Yardımcı itiraz etse de vergi konur. Kral yardımcısına;
“Git tebdil-i kıyafet eyle halk ne demektedir?” deyince yardımcı halkın arasına girer. Halkı sinkaflı küfürler etmektedir. Krala söyler. Kral gülerek yeni yeni vergiler üretir.
Açık Alanda Gülme Vergisi, Kapalı Alanda Ağlama Vergisi, Tuvalet Vergisi, o vergi, bu vergi…
Her vergi koyuşunda yardımcısını gönderir halkın arasına. Tepki hep aynıdır. Sinkaflı küfürler!

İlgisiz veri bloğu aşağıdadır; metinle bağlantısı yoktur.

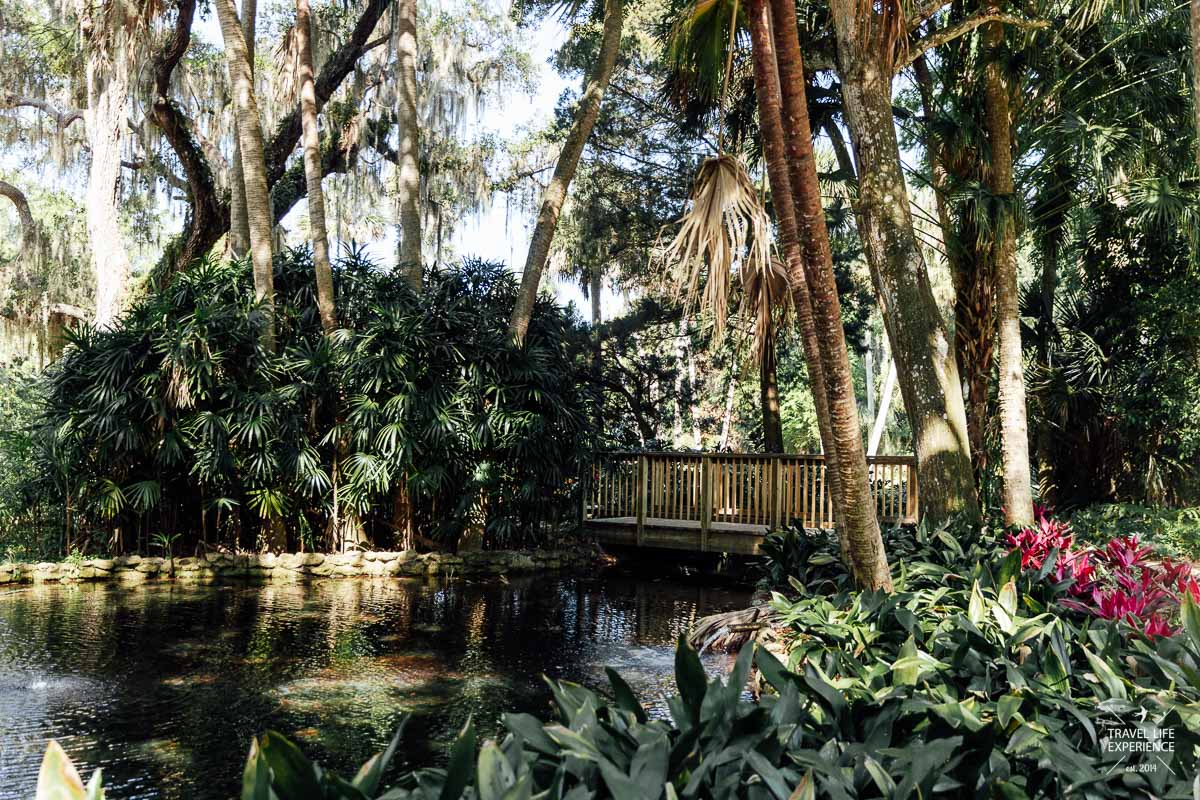 Rundreise durch Florida und die Südstaaten: Der Washington Oaks Eden gardens State Park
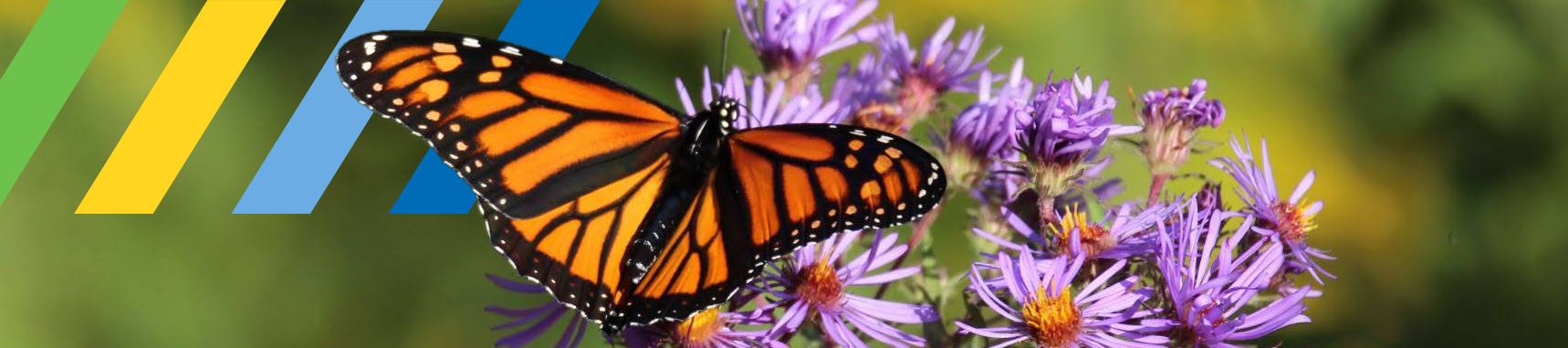 An image of a monarch butterfly on some purple flowers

Son koyduğu vergi sonrası yardımcı panikle saraya koşar:
“Kral Hazretleri, anlamadım ama kimse küfür etmiyor. Kimileri elinde saz, keman, darbuka çalıyor. Kimileri şarkı söylüyor.”
Kral tahtından fırlar; “Çabbuuuuk vergileri kaldırın” der.
***********
Bu yazı ki; şöyle bitmekte…!
DATTİRİ DATTİRİ DAAAT DAT DAAAAAAAT!